Depot waiting room, Raton NM

I've been a big fan of Tom Waits since the 1974 arrival of his second album, The Heart of Saturday Night, which included "Depot, Depot."
Depot, depot, what am I doing here?/Depot, depot, what am I doing here?/I ain't coming, I ain't going/My confusion is showing.
Although the song is set in the middle of an urban night, it's impossible to not think of Waits and his inspiration Edward Hopper as I examine this image of the empty waiting room at the Amtrak train depot in Raton, New Mexico.

I was out before sunrise shooting images suitable for attracting tourists to Raton, for use in my upcoming feature in the September issue of New Mexico Magazine. These depot photographs will hardly attract tourists, so they won't go to the magazine, and that frees me to use them here. I'm glad, because I love all three. Along with their striking visual elements and light, they have a Tom Waits and Edward Hopper sense of loneliness and decay. It'll be interesting to see if this lasts for me, but right now I'm counting the top photo among the best of my fine arts photography. (Click to blow it up and you'll see a rack of travel brochures on the floor in the lower left corner. The two shots show the same waiting room taken from either end one minute apart.)
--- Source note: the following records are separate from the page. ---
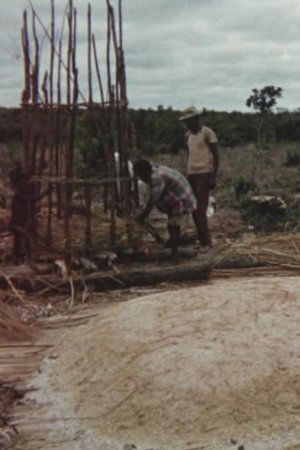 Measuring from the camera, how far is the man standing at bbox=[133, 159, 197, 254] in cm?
736

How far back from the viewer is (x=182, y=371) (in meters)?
4.14

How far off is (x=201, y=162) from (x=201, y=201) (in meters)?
0.34

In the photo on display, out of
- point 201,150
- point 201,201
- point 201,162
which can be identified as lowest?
point 201,201

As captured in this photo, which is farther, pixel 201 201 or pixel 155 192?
pixel 201 201

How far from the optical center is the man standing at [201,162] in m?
8.04

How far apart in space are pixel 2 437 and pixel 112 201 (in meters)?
3.58

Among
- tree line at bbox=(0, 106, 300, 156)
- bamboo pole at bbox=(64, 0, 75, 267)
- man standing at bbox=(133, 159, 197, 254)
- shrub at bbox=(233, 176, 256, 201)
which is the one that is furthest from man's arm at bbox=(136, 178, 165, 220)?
tree line at bbox=(0, 106, 300, 156)

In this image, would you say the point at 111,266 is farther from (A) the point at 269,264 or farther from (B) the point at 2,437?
(B) the point at 2,437

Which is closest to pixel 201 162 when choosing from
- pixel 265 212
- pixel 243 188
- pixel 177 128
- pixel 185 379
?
pixel 265 212

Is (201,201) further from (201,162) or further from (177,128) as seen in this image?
(177,128)

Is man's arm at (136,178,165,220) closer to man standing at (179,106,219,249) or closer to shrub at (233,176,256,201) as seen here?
man standing at (179,106,219,249)

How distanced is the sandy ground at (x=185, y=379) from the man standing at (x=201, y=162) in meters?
3.23

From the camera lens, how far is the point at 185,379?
4.09 metres

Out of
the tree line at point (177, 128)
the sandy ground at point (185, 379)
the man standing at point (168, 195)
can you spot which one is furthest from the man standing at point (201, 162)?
the tree line at point (177, 128) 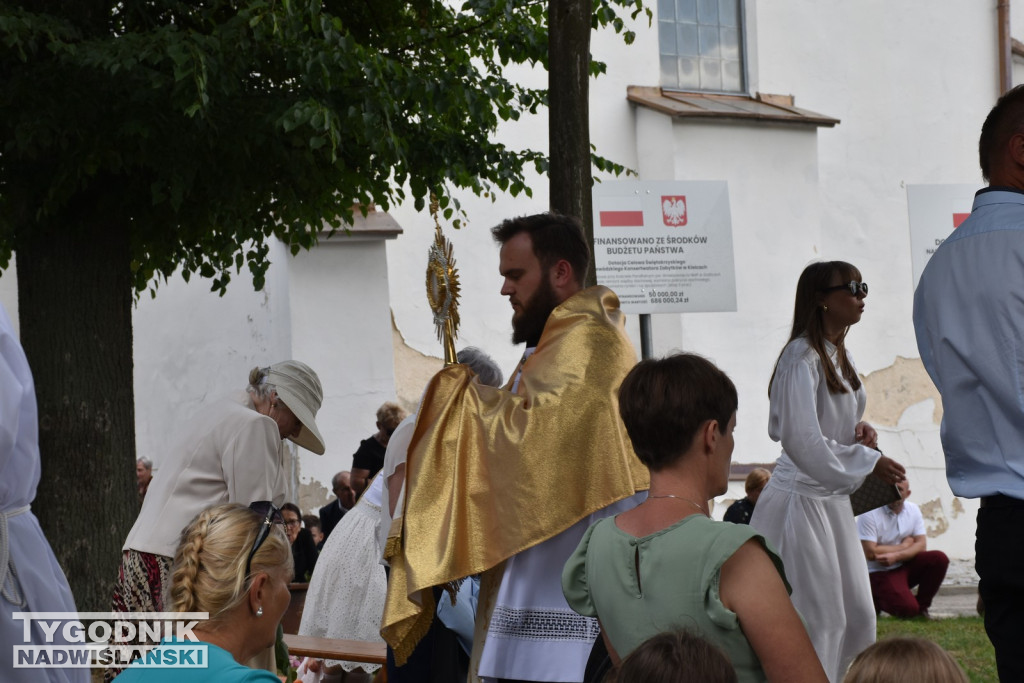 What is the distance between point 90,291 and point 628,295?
3515mm

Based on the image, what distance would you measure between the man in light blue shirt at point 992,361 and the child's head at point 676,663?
4.27ft

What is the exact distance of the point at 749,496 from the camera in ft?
34.1

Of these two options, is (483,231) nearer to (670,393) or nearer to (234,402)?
(234,402)

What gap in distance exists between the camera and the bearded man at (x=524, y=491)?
362 centimetres

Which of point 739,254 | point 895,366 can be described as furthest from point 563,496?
point 895,366

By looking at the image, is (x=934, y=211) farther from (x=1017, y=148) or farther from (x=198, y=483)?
(x=198, y=483)

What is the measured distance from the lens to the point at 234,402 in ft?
17.1

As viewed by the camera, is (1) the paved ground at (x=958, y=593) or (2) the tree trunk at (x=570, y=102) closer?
(2) the tree trunk at (x=570, y=102)

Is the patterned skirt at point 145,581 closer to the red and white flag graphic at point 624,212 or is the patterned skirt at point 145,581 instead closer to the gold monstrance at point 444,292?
the gold monstrance at point 444,292

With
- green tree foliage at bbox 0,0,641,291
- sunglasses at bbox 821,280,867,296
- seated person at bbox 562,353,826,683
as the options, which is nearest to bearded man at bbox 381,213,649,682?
seated person at bbox 562,353,826,683

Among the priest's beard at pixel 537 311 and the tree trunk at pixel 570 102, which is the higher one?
the tree trunk at pixel 570 102

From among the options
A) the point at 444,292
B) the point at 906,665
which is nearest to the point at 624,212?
the point at 444,292

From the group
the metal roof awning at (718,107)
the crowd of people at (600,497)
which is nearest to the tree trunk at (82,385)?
the crowd of people at (600,497)

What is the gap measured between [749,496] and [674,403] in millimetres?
7885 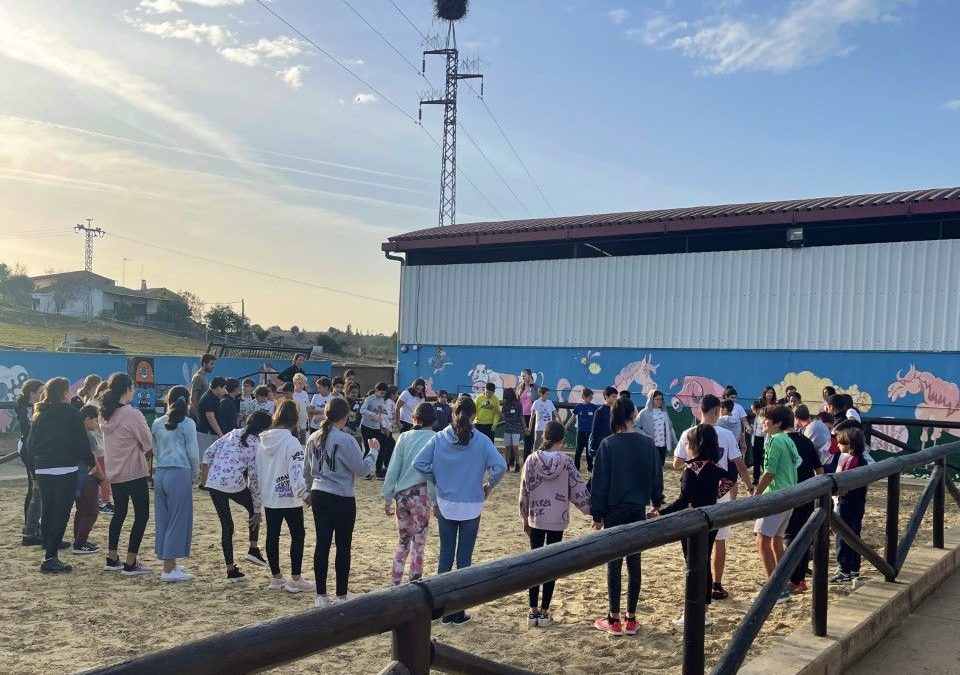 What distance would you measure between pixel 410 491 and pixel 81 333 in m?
51.3

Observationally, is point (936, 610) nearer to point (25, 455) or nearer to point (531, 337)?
point (25, 455)

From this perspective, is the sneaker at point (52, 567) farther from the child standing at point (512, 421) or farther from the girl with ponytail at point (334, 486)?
the child standing at point (512, 421)

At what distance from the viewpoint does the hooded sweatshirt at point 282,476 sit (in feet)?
22.3

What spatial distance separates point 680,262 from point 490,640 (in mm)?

Train depot at Raton, New Mexico

Although I work in Raton, I live 38 miles away. As a result, I've rarely been out shooting the town in the good light of morning or evening: I'm either hurrying to work or glad to be home cooking dinner and relaxing after a work day. I rarely drive to town on my days off. Now that the trees and grasses are greening up, I have only a couple weeks in which to get a rich store of great outdoor shots before deadline for the September feature. Christina and I stayed overnight at the Melody Lane Motel so I could shoot evening and early morning. We'll do it again next Friday night. It's best to not share here the images I'll send for the magazine feature (oh, but they're fabulous!), but these depot shots demonstrate that there will be plenty of images that won't fit the feature but which I find irresistable nonetheless. For the rest of this month I should have no shortage of Raton photographs that I'm excited to share here.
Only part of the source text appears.